The milliner was appalled by the eleventh-hour request. “A week before Christmas?! It can’t be done! It don’t matter how much money you have in there, it can’t be done!”

I looked around hoping no-one heard him, the implications of his rebuttal sending agony through my soul. A married woman, with no Christmas gift from her husband! What would everyone say?

That’s when an unlikely savior came to my rescue. “I can get it done, papa,” said a young woman, appearing from the back of the shop.

I searched my memory, but I could not recall ever seeing her before; perhaps, I simply was not paying attention. The milliner’s daughter was not a particularly striking girl but possessed an understated type of beauty girls her age cannot escape – velvety skin, luscious locks, and eyes full of life, regarding me with an intensity I first mistook for admiration.

“You go on then,” her father said. “If the lady doesn’t mind.”

I gave them a curt nod. It was a slight, no question about it, but it was better than nothing. Perhaps the girl would surprise me by making a good hat, good enough it could pass for her father’s and none would be the wiser.
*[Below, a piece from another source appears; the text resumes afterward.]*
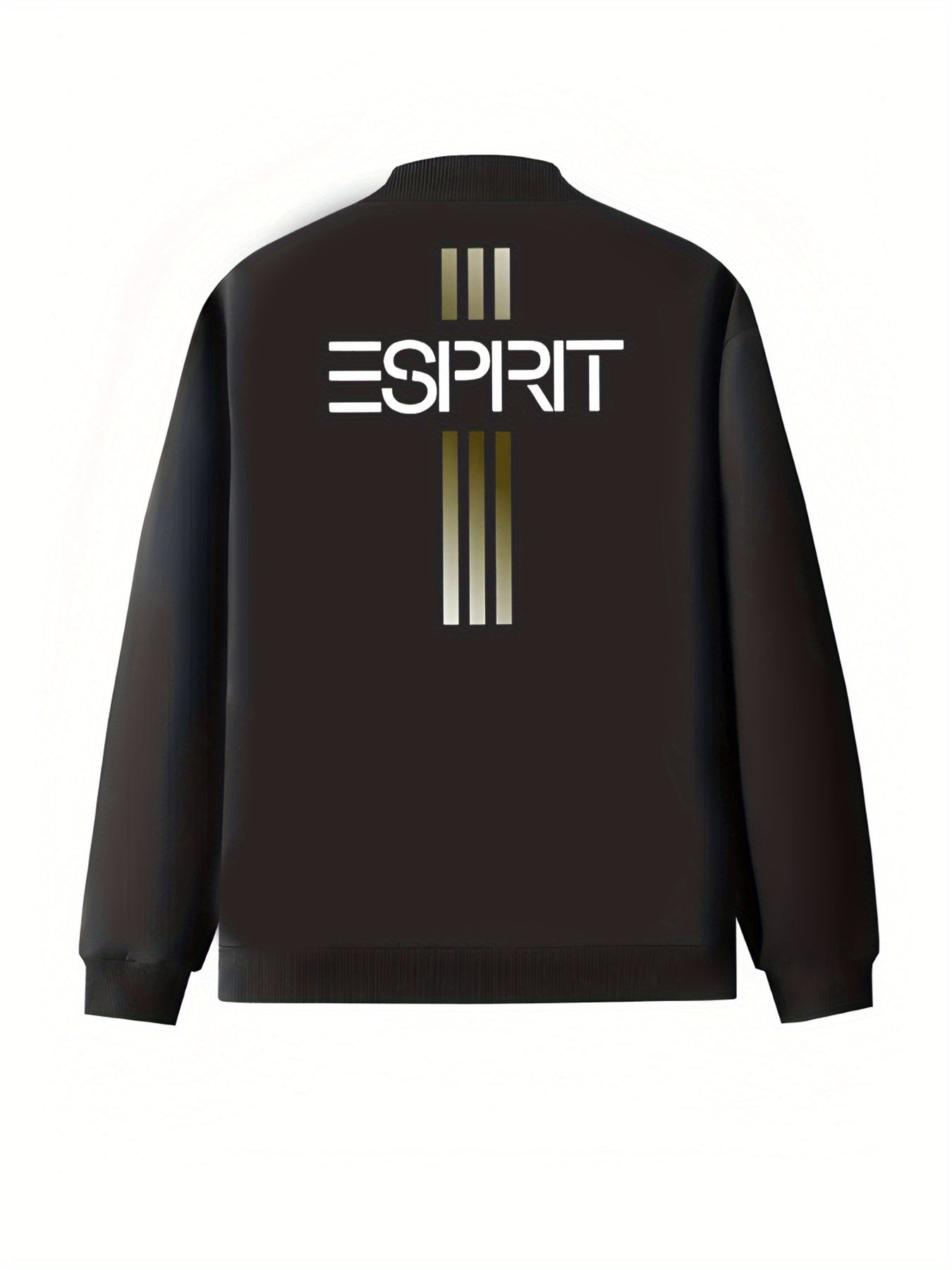 Plus Size Women's Bomber Jacket Black Letter Print Casual Zip-Up Pockets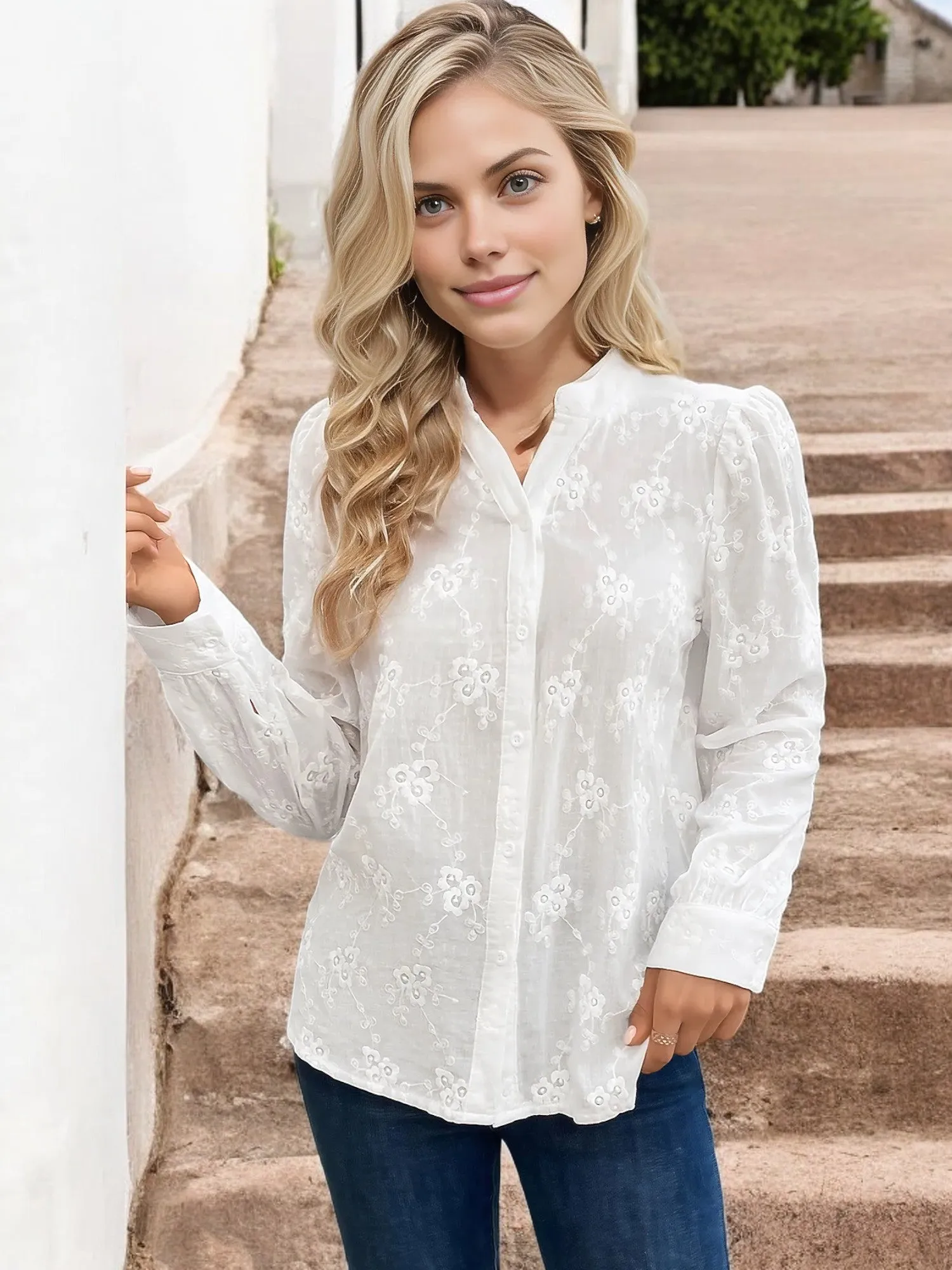 Anna-Kaci Women's Long Sleeve Embroidered Button-Down Shirt with Puff Shoulders sold by Anna-Kaci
That first encounter was brief. She showed me a few ribbons and fabrics. I selected a dark grey satin, but she swayed me to a crimson organza that would “draw the eyes to the rouge of my lips.” She made it sound like a desirable outcome, so I agreed.

After we were finished with materials and sketches, she bid me goodbye and asked me to return in a few days. I distinctly remember a foreign exhilaration as I left the shop. A new hat is always exciting, I told myself and didn’t give it another thought.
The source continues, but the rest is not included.